A data-driven approach to analyzing athletics peak performance

My passion for running and track and field has always tried to accompany me during the different phases of my life. I used to run for fun when I was a child and to compete in school races during my high-school years. It was only during my college years that running took a pause from my life while my curiosity about data science progressively took its place.

Five years later, after graduating with my bachelor’s and master, at the age of almost 24 years old, something changed again in me. It suddenly happened that my desire for running overbearingly woke up from its long sleep and told me to give it another chance: I felt that I could become the runner I used to be.

The problem was that starting a very competitive sport, where training progression is incredibly slow and dominated by young athletes with tens of years of training behind their shoulders (and legs) can not be easy. The question that came inside me was then:

“Given my age, at which running distance I can perform the best?”

The pressure of age and competition

During my high school years, the athletics event that scared me but also fascinated the most was the 5000m.
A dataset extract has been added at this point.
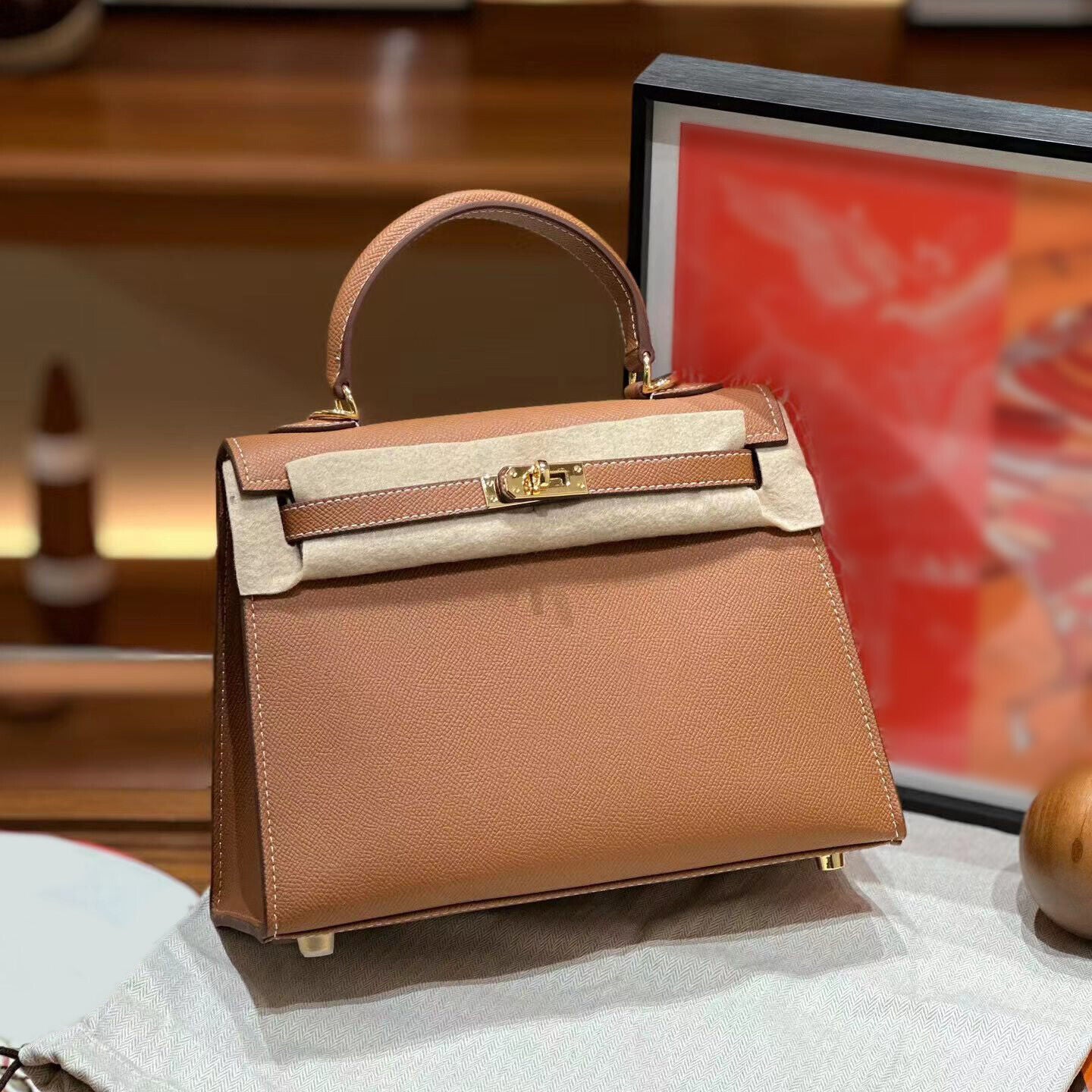 19/22/25/28 Real Leather Flap Handbag Tote Briefcase Fashion Purse Shoulder Bag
That time, I was told by my coach that given my young age I was not ready to run that distance yet. However, my eager desire to challenge myself and to compete against senior athletes still brought me to run it, even at the cost of struggling to finish and only achieving a mediocre performance.

At first sight, 5000m may seem short, especially if seen as running 5km. However, it assumes a different meaning when seen from the point of view of covering 12.5 laps on a track running close to the aerobic threshold: a single lap may feel endless, and you should trust me about this.

Athletes on the finish line of a 5000m during a Wolrd Championship
Athletes on the finish line of a 5000m during a Wolrd Championship

Why age matters when running a 5000m

A mix of endurance and speed is required to master this distance which is not easy to train and maintain. Thus, one of the most obvious questions is: “at which age is my body better prepared to take on this distance?“.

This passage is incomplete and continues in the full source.